|30" Circle Impacts
The SmallBoreShotguns team used a 30″ circle to count the patterns for the RWS cartridge since, un-fired, it contains more than 120 pellets. However, it is noticeable from all patterns available at the time of writing, that the pellets are concentrated into the center of the circle and therefore pattern slightly more tightly than the figures “on paper” suggest.
Whilst tightening of patterns is generally the opposite of what one would expect from very small shot (which will always be proportionately more damaged as it “scrubs” down the barrel), the low muzzle velocity (quoted: 600fps) clearly reduces this effect and will decrease pattern spread. The latter is probably the significant factor in this case.
Furthermore, it is rare that any of us shoot a gun which has a true cylinder choke – i.e. no constriction at all. (Many modern “cylinder” chokes actually have small, but measurable constrictions.) Where the muzzle diameter is identical to the bore size, there can be no deflection of pellets on the angled walls of the choke and no crushing together of pellets with associated deformation and damage. Although we expect a cylinder choke to pattern more loosely than any amount of constriction, this may not always be true, given that one significant source of pellet damage is completely eliminated.

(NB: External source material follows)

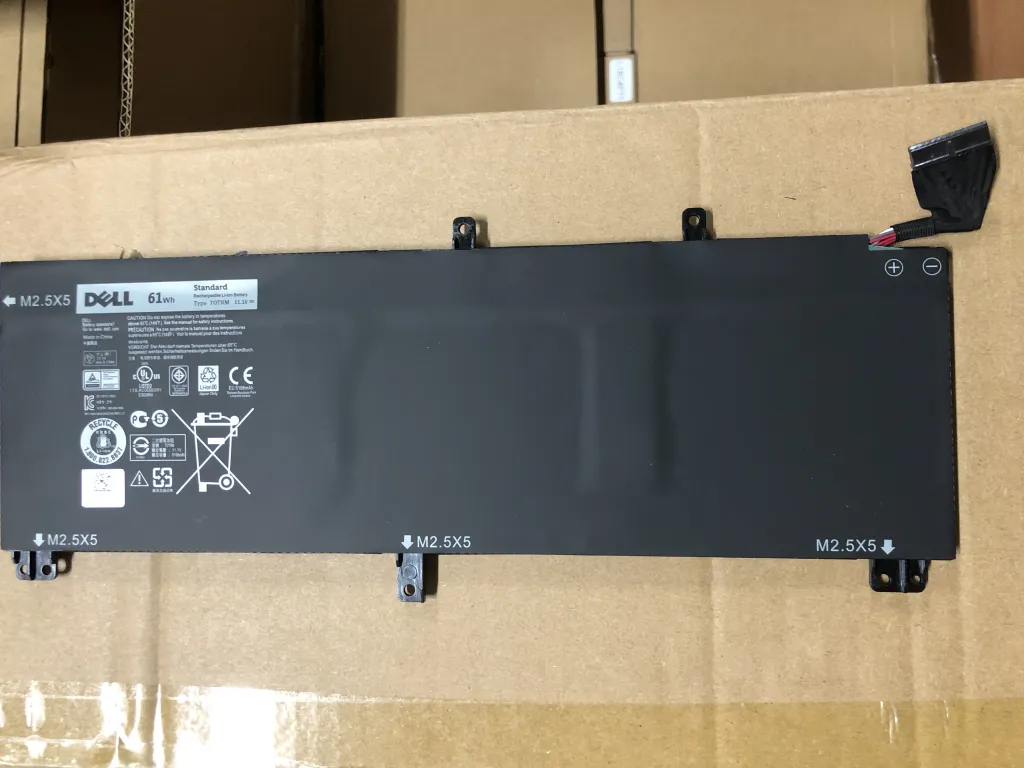 Dell PRECISION M3800 XPS 15 9530 T0TRM 61Wh mặt trước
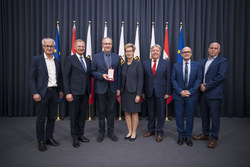 Landeshauptmann Mag. Thomas Stelzer überreicht Landesauszeichnungen an ehemalige Bedienstete des Landes OÖ.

In the smaller bores, this effect is probably more pronounced and likely contributes to the overall tightness of the patterns thrown by the RWS cartridge.
With a larger stock of cartridges available, we could have shot more patterns, but beyond corroborating the observations made above, there may be little point. The RWS shell remains a somewhat unbalanced cartridge, with far too little individual pellet energy retained at long range (i.e. for a garden gun = 15-20 yards) to humanely dispatch even the smallest of game. In spite of throwing an excellent pattern, it is unlikely to be effective beyond 10 yards. At that distance, effective pattern area will be even smaller, probably requiring the gun to be aimed. In turn, this suggests the use of a larger, more effective shot size than #10.